L’art. 1 della legge n. 190 del 23 dicembre 2014 comma 303 inserisce l’obbligo per i medici necroscopi italiani di trasmettere per via telematica all’INPS il certificato necroscopico redatto al capezzale del defunto. “art 1 comma 303. All’articolo 2 del decreto-legge 30 dicembre 1979, n. 663, convertito, con modificazioni, dalla legge 29 febbraio 1980, n. 33, e successive modificazioni, e’ aggiunto, in fine, il seguente comma: «A decorrere dal 1º gennaio 2015 il medico necroscopo trasmette all’Istituto nazionale della previdenza sociale, entro 48 ore dall’evento, il certificato di accertamento del decesso per via telematica on line secondo le specifiche tecniche e le modalita’ procedurali gia’ utilizzate ai fini delle comunicazioni di cui ai commi precedenti. In caso di violazione dell’obbligo di cui al primo periodo si applicano le sanzioni di cui all’articolo 46 del decreto-legge 30 settembre 2003, n. 269, convertito, con modificazioni, dalla legge 24 novembre 2003, n. 326.


 

L’INPS ha emesso la circolare n. 33 del 13 febbraio scorso sui presunti nuovi compiti del medico di medicina generale in merito all’invio telematico della certificazione di constatazione del decesso.

La norma finale n. 8 dell’A.C.N. attualmente vigente, non prevede tra i compiti della Medicina generale funzioni di Medico necroscopo: tra i compiti affidati dal presente accordo ai medici di assistenza primaria, di continuità assistenziale e di emergenza sanitaria non rientrano le funzioni di medico necroscopo e di polizia mortuaria.

In questo momento sono previste pene pecuniarie (di importo variabile, dai 100 ai 300 euro) in caso di inadempienza sia per il medico necroscopo che per il medico di medicina generale.


Abbiamo chiesto un parere al Prof. Nicola Cucurachi, docente di Medicina Legale dell’Università di Parma.Cucucrachi


Qual è il significato della certificazione necroscopica?


Il rilievo e la certificazione necroscopica devono avvenire, per legge dello Stato (Regolamento di Polizia Mortuaria, DPR 285/90), non prima di 15 ore e non oltre le 30 dal decesso: hanno lo scopo di evitare la morte apparente, perché non venga inumata una persona ancora in vita, assegnando certezza legale all’evento morte.


Qual è il compito dell’ufficiale anagrafico?


Diverso è il compito della parte di competenza anagrafica: deve essere l’ufficiale anagrafico a provvedere alla cancellazione anagrafica della persona dichiarata morta e alla trasmissione all’INPS di questa dichiarazione definitiva, per permettere la cessazione di quelle prestazioni economiche godute da quella persona in vita (erogazioni di pensione, di invalidità civile, di legge 104…)

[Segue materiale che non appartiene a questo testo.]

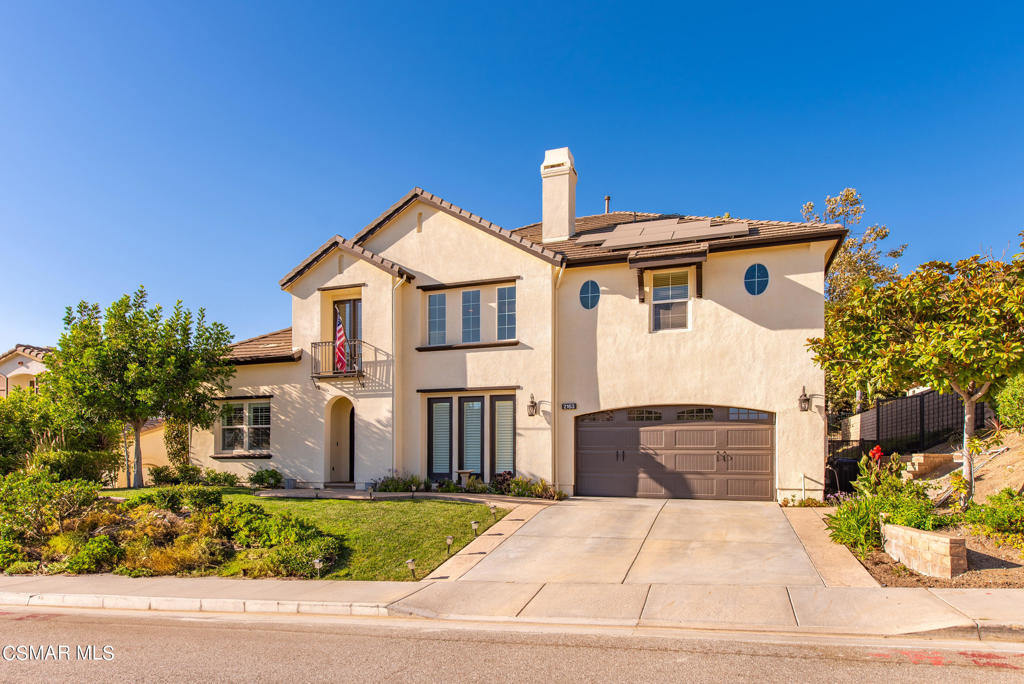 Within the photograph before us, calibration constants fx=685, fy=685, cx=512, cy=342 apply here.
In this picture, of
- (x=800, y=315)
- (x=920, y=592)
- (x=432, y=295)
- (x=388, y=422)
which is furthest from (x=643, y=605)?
(x=432, y=295)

Quale deve essere la funzione del medico necroscopo?


Oggi come oggi, vista la novella normativa, al medico necroscopo competono sia funzioni di competenza medica che amministrativa. Sarebbe invece auspicabile un ripensamento con mantenimento di distinzione dei due ruoli. Il medico dovrebbe continuare a svolgere i rilievi medici inviando la relativa certificazione necroscopica agli uffici anagrafici: dovrebbe essere compito del servizio amministrativo, tra gli altri, inviare per via telematica all’INPS la dichiarazione di cancellazione definitiva dall’elenco anagrafico della persona defunta. Il motivo per cui il medico di medicina generale, oltretutto, non deve essere previsto in questa filiera lineare è semplice: aggiungere ai compiti medico legali del medico necroscopo un obbligo prettamente amministrativo è un atto forzoso e non funzionale. In ogni caso solo a seguito di apposita nomina il medico di medicina generale acquisisce il titolo di medico necroscopo.